WHAT THE EXERCISE ASKS> Would you please reproduce all the entries exactly, leaving the pictures out?

*** LISTED ENTRIES ***

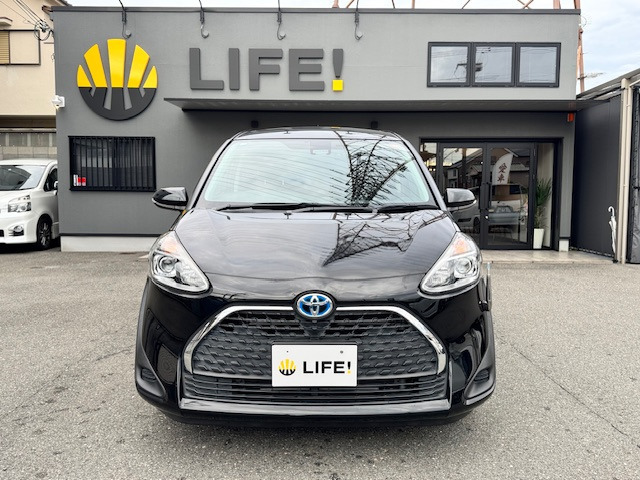 良質な車を展示しております♪お気軽にお問い合わせください！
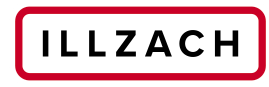 Illzach Logo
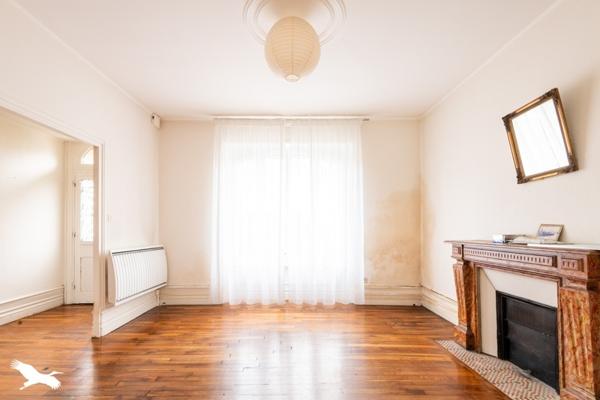 Maison à vendre |  Saint-Pol-de-Léon |  8 pièces | 120 m²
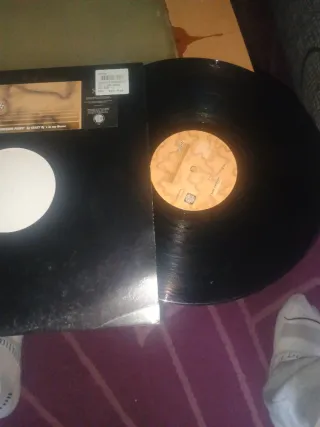 Vinilo I Like Chopin - Book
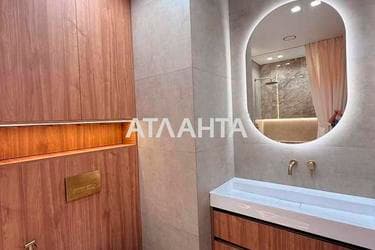 3-комнатная квартира по адресу Тополинный пер. (площадь 107 м²) - фото 44 3-комнатная квартира по адресу Тополинный пер. (площадь 107 м²) - Atlanta.ua - фото 44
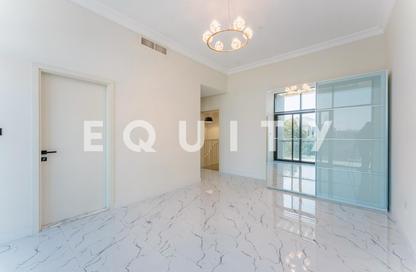 Townhouse - 3 Bedrooms - 5 Bathrooms for rent in Silver Springs 1 - Silver Springs - Damac Hills - Dubai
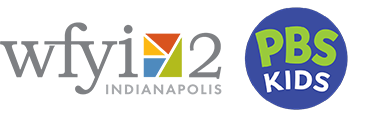 WFYI 2 PBS KIDS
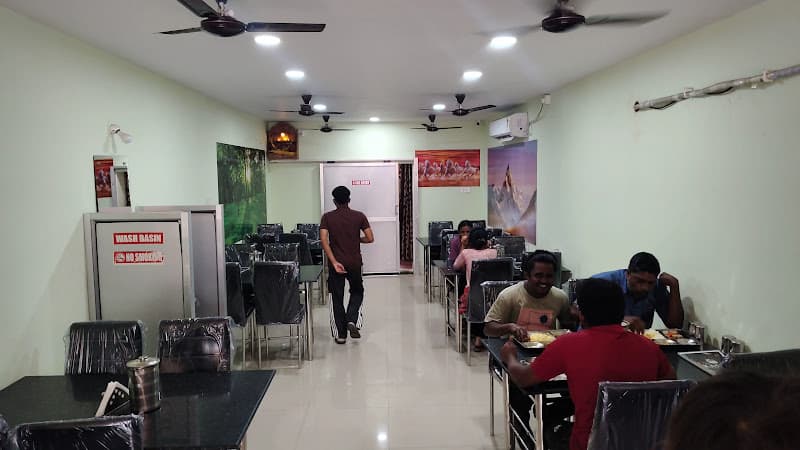 Kasuri Family Restaurant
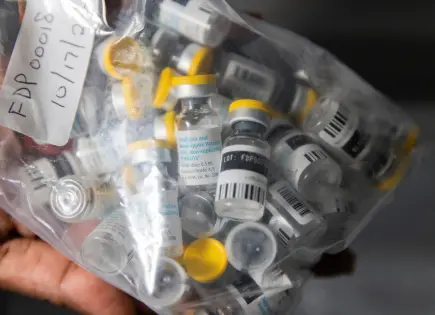 Alerta en California por Casos de Viruela Símica en Estados Unidos Alerta en California por Casos de Viruela Símica en Estados Unidos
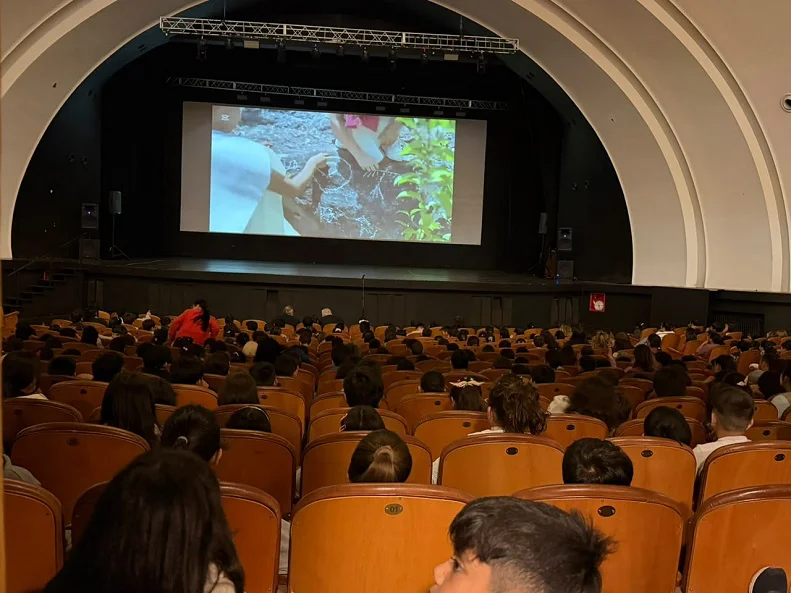 Cierre Conocé Lo Nuestro AG 20261017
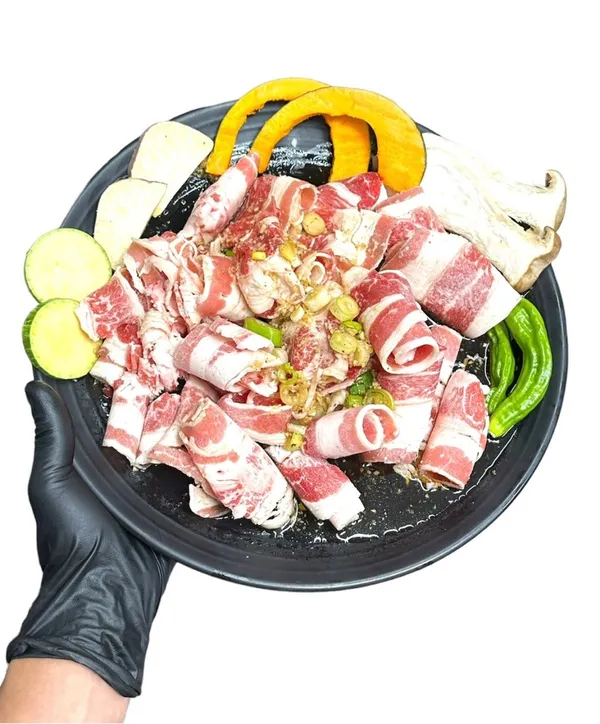 야끼니꾸요우 율량점 사진 5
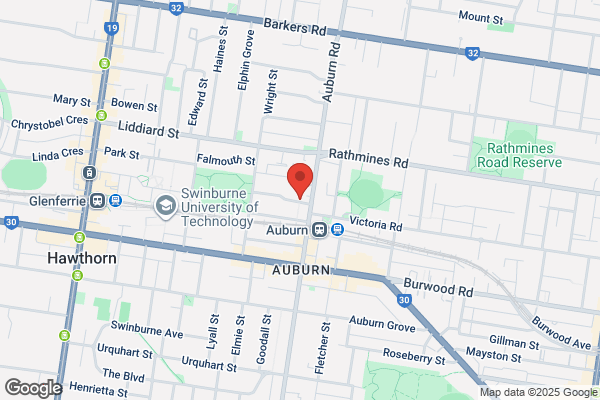 Auburn Chiropractic
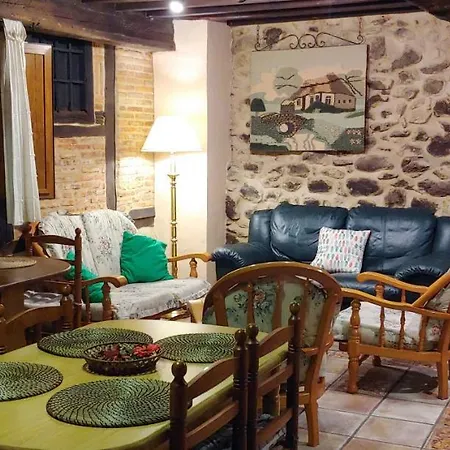La Casa Chacinera Hotel Candelario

*** End of LISTED ENTRIES ***

WRITTEN SOLUTION>
 良質な車を展示しております♪お気軽にお問い合わせください！
 Illzach Logo
 Maison à vendre |  Saint-Pol-de-Léon |  8 pièces | 120 m²
 Vinilo I Like Chopin - Book
 3-комнатная квартира по адресу Тополинный пер. (площадь 107 м²) - фото 44 3-комнатная квартира по адресу Тополинный пер. (площадь 107 м²) - Atlanta.ua - фото 44
 Townhouse - 3 Bedrooms - 5 Bathrooms for rent in Silver Springs 1 - Silver Springs - Damac Hills - Dubai
 WFYI 2 PBS KIDS
 Kasuri Family Restaurant
 Alerta en California por Casos de Viruela Símica en Estados Unidos Alerta en California por Casos de Viruela Símica en Estados Unidos
 Cierre Conocé Lo Nuestro AG 20261017
 야끼니꾸요우 율량점 사진 5
 Auburn Chiropractic
La Casa Chacinera Hotel Candelario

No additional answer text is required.